Once the images are set aside, print the remaining lines below exactly.

Dataset section Start Marker

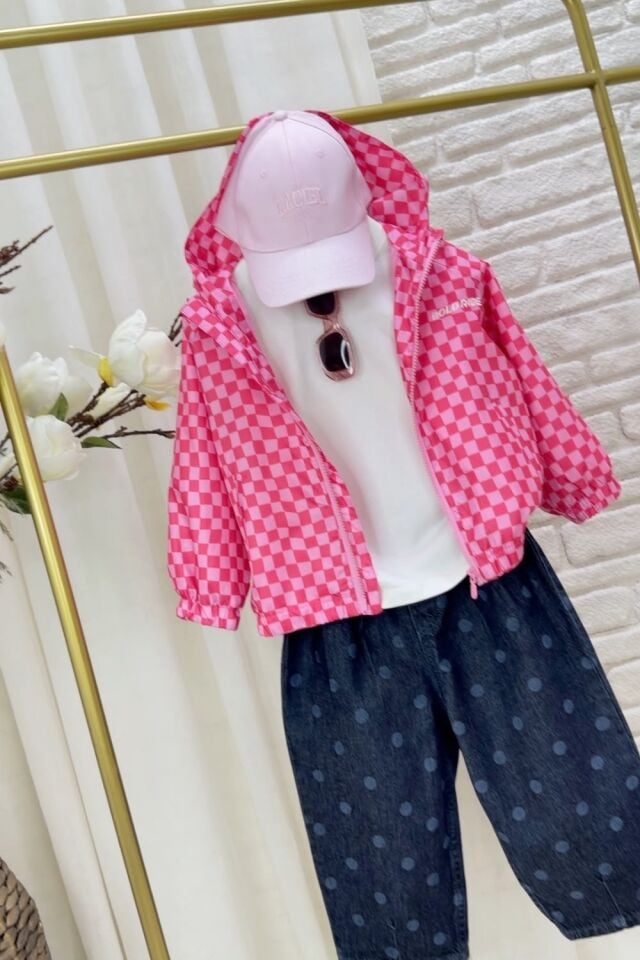 Damalı Pembe Yağmurluk 6-7 YAŞ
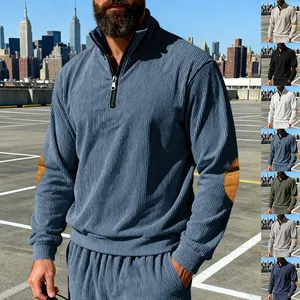 Detailweergave heren corduroy sweatshirt met halve rits in blauwgrijs en elleboogpatches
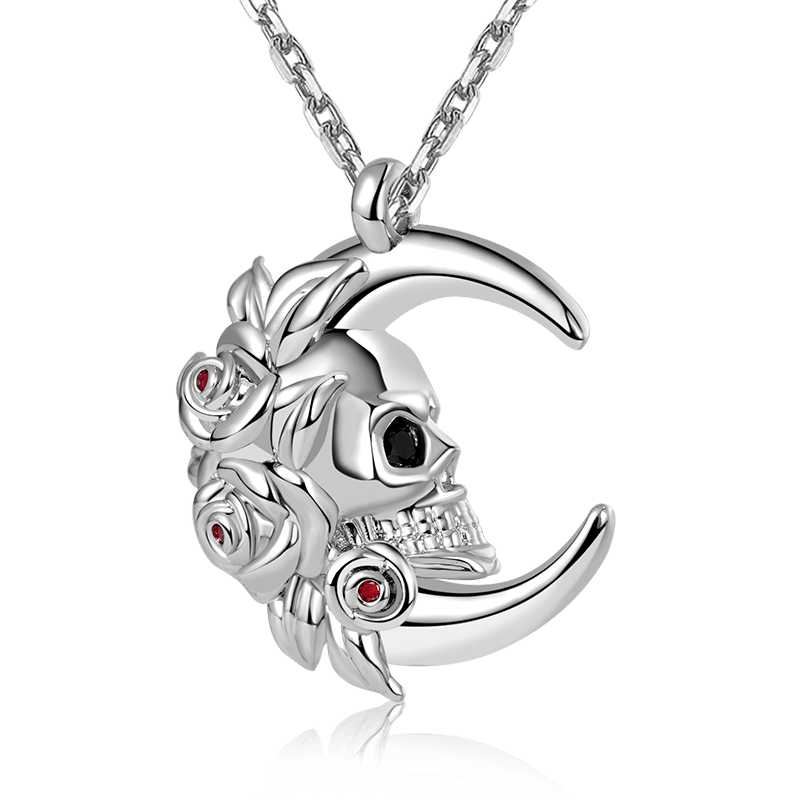 Gnoce Moon Skull Roses Necklace Platinum-plated Silver Blend_1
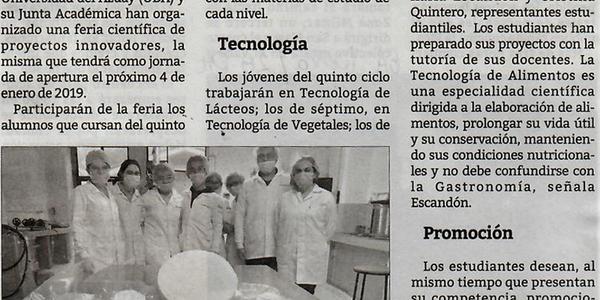 Feria científica expondrá “proyectos innovadores”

Dataset section End Marker

**Written response**
 Damalı Pembe Yağmurluk 6-7 YAŞ
 Detailweergave heren corduroy sweatshirt met halve rits in blauwgrijs en elleboogpatches
 Gnoce Moon Skull Roses Necklace Platinum-plated Silver Blend_1
 Feria científica expondrá “proyectos innovadores”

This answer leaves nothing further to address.